Czy obecna sytuacja gospodarcza ma wpływ na działania zrównoważonego rozwoju?
Sytuacja, która dotyka nas wszystkich paradoksalnie przyspiesza bardzo mocno digitalizację pewnych procesów, cyfryzację pewnych działań. Nie da się ukryć, że taki informatyczny boom technologiczny – jeżeli mówimy o technologiach zdalnej komunikacji czy prowadzenia konferencji – w prosty sposób przyczynia się do redukcji emisji CO2. Nie przemierzamy już pół Polski, żeby się spotkać, spotykamy się zdalnie. To nowa normalność, która będzie pewnie coraz bardziej naszą codziennością.
Wydaje się, że wyhamowaniu ulega też konsumpcjonizm, baczniej zwracamy uwagę na to czy na pewno potrzebujemy ciągle nowych rzeczy a te też przekłada się na ograniczenie zużycia surowców i energii.
I jeszcze przecież dobrodziejstwa technologii – cała koncepcja Industry 4.0 wiąże się pośrednio z osiąganiem celów zrównoważonego rozwoju.
Jaki wpływ na zrównoważony rozwój ma koncepcja Industry 4.0?

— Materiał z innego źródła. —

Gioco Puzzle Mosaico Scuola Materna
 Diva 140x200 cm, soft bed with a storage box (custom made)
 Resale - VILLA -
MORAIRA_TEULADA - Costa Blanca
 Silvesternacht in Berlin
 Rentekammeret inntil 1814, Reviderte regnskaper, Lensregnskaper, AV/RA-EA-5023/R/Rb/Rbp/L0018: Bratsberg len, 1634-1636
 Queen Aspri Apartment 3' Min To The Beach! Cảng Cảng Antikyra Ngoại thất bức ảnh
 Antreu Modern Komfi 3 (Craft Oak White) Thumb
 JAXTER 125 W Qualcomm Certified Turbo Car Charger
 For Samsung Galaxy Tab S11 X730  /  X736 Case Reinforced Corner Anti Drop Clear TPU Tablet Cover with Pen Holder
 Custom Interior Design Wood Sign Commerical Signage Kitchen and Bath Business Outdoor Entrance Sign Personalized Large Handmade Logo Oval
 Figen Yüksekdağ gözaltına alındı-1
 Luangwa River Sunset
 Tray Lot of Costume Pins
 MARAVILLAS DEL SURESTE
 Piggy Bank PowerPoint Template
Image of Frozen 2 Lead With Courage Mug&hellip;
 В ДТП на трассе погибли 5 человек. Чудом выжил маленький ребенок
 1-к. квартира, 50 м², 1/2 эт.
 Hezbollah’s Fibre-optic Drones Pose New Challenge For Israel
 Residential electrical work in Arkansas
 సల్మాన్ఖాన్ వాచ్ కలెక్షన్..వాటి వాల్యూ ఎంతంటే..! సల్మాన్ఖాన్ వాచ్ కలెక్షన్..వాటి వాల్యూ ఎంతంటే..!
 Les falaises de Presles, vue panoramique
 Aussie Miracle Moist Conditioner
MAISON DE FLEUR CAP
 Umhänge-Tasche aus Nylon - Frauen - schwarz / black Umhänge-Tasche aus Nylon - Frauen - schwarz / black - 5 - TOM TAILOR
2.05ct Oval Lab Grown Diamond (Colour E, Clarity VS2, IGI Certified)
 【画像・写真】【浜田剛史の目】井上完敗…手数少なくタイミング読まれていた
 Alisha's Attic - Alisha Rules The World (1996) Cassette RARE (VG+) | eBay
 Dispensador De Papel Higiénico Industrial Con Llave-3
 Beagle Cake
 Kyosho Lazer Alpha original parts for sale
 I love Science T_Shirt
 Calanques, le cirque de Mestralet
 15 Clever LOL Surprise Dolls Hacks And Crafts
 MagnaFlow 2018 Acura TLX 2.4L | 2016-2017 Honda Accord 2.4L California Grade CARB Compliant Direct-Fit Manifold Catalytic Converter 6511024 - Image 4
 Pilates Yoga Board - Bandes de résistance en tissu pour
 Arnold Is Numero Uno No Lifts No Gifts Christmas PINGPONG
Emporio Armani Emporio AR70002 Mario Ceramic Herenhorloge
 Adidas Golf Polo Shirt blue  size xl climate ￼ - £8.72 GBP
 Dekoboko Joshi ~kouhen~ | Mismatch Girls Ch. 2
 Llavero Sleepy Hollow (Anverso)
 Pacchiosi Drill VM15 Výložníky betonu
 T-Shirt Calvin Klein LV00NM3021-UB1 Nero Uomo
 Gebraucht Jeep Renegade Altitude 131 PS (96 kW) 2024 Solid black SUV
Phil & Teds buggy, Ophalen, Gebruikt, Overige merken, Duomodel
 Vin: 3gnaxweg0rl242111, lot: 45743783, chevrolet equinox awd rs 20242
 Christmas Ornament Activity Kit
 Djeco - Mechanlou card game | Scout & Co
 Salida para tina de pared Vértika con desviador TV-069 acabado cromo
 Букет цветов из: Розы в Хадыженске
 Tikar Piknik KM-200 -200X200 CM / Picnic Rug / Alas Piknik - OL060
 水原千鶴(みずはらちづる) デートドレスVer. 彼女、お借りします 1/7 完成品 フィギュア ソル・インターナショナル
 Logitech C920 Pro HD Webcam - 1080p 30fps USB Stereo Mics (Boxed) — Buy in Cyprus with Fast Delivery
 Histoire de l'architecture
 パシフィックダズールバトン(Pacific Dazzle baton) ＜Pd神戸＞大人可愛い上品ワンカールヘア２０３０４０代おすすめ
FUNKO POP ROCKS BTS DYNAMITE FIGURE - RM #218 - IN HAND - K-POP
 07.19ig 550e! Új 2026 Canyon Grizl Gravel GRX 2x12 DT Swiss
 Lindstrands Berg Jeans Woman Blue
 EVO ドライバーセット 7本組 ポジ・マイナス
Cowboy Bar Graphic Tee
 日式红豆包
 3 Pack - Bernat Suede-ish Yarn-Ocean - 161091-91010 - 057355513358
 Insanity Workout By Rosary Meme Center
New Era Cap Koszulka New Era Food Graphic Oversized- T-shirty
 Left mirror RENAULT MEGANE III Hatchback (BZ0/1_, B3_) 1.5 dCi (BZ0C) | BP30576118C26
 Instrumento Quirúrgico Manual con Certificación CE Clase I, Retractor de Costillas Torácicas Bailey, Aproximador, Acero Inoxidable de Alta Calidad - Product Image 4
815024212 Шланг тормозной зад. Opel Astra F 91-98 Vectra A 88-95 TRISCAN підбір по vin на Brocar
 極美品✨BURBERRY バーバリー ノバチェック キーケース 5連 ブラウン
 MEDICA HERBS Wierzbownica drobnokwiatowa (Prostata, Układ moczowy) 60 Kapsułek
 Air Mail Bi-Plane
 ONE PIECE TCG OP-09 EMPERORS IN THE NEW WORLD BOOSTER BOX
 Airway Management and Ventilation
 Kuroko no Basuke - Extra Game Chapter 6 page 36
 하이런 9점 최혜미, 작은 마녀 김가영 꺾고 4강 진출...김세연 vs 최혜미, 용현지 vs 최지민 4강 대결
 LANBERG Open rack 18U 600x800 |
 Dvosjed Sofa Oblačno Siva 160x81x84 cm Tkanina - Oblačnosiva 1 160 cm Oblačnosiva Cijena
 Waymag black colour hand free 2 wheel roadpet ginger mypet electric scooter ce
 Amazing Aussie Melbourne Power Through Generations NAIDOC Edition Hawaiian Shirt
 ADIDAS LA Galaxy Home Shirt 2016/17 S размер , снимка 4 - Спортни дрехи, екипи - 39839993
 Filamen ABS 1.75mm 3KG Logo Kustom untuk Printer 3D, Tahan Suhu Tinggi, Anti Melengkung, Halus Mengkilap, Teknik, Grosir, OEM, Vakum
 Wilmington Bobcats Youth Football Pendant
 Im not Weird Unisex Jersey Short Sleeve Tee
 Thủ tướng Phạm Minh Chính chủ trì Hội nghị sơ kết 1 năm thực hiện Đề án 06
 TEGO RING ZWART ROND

Zagadnienia związane z technologiami przyszłości – Industry 4.0 – są mi bardzo bliskie. Rozwiązania pozwalające na digitalizację procesów, nowe modele biznesowe czy sztuczna inteligencja wspierająca efektywną analizę danych, dają razem nieskończony katalog możliwości pomagający w realizacji celów, czy to środowiskowych czy szerzej – celów zrównoważonego rozwoju. To pociąga jednak za sobą pewne wyzwania – bo zmiany technologiczne wymagają zmian kompetencyjnych. W raporcie przedstawionym w roku 2019 na Światowym Forum Ekonomicznym była mowa o tym, że w związku z postępem technologicznym zniknie 75 mln miejsc pracy, ale w to miejsce powstanie ponad 115 mln nowych, wymagających zupełnie innych kompetencji. Co ciekawe, w raporcie tegorocznym, zawody związane z zieloną ekonomią (jak jest to umownie nazwane) pojawiły się jako jedna z siedmiu grup zawodów przyszłości. W związku z tym nie tylko technologia, nie tylko przyzwyczajenia, ale też powstawanie realnych potrzeb napędza zmiany w kierunku zrównoważonego rozwoju.